By the middle of the 19th century, Munich breweries were tweaking their dunkels, and Bohemia and Vienna were perfecting their pale lagers by utilizing the above-mentioned techniques. Pilsners and pale lagers quickly replaced the weissebiers as everyday quaffs among the masses. Weissebier consumption fell dramatically, and wheat beers in Germany may well have vanished were it not for the tenacity, vision and confidence of Georg Schneider.

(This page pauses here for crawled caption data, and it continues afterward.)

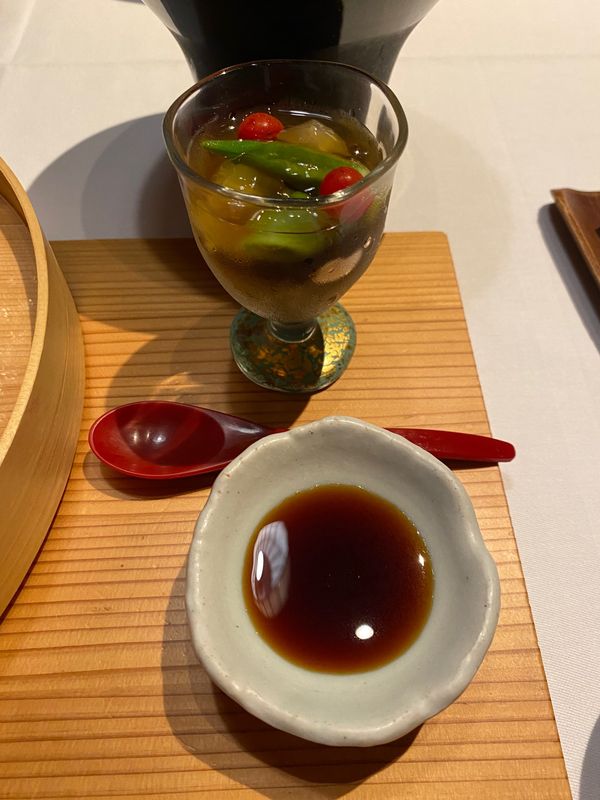 日本・群馬「2022北関東温泉旅行」の写真：山水亭夕食その2
日本酒に移行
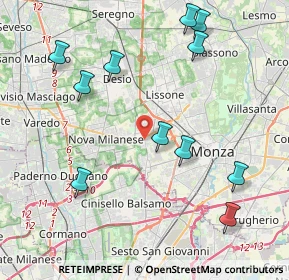 Mappa 20835 Muggiò MB, Italia (4.62909)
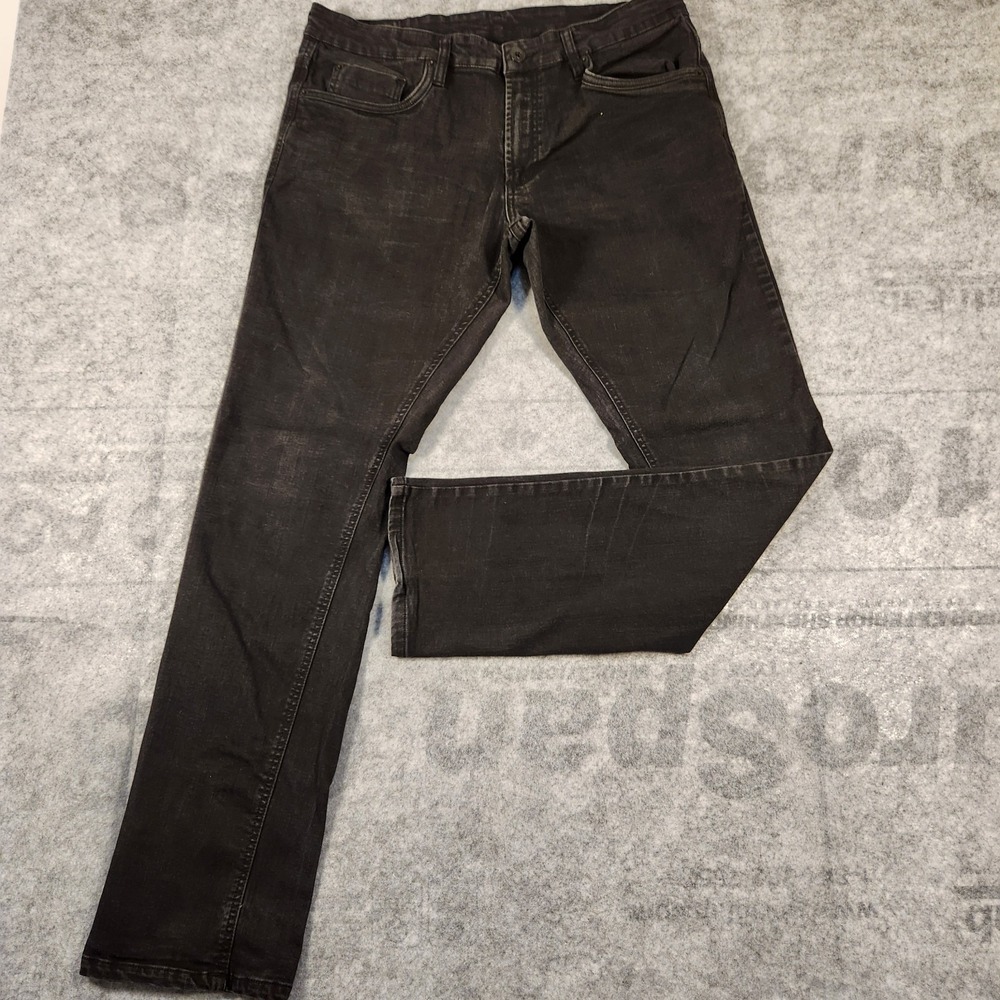 Buffalo David Bitton jeans men's 36x31 Slim Straight‎ Stretch Jeans Dark Wash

Schneider became the tenant of the ducal brewery in Kelheim in 1855 and began producing his own wheat beers. He wrested the brewing rights to weissebier from the dunkels brewery next door in 1872 and effectively ended the royal control of wheat beers. Thanks to some aggressive production, Schneider got wheat beers back into the mainstream, and they enjoyed something of a comeback in this period.

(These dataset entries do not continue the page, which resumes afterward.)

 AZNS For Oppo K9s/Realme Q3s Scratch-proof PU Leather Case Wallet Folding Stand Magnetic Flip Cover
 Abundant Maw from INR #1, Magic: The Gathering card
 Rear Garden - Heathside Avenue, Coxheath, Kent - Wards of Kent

For the next several decades, wheat beers hung tough but made up only a small fraction of all beer sold in Germany. It wasn’t until after World War II that they were rediscovered and their sales rejuvenated by the general populace.
Suddenly, and somewhat mysteriously, wheat beers have started to attract a new generation of admirers. Since the 1950s, these brews have steadily become more popular, even hip, to the point where, today, almost a quarter of all beer sold in Germany is wheat beer. Perhaps this revival is a reversion to things more natural, more traditional, or simply a rediscovery of the brewing complexity.
The same trend has sprung up in North America recently. Many microbreweries make authentic Bavarian wheat beers, and most decent multi-tap pubs have imported wheat beers in their portfolio. These days, the wheats are not hard to find.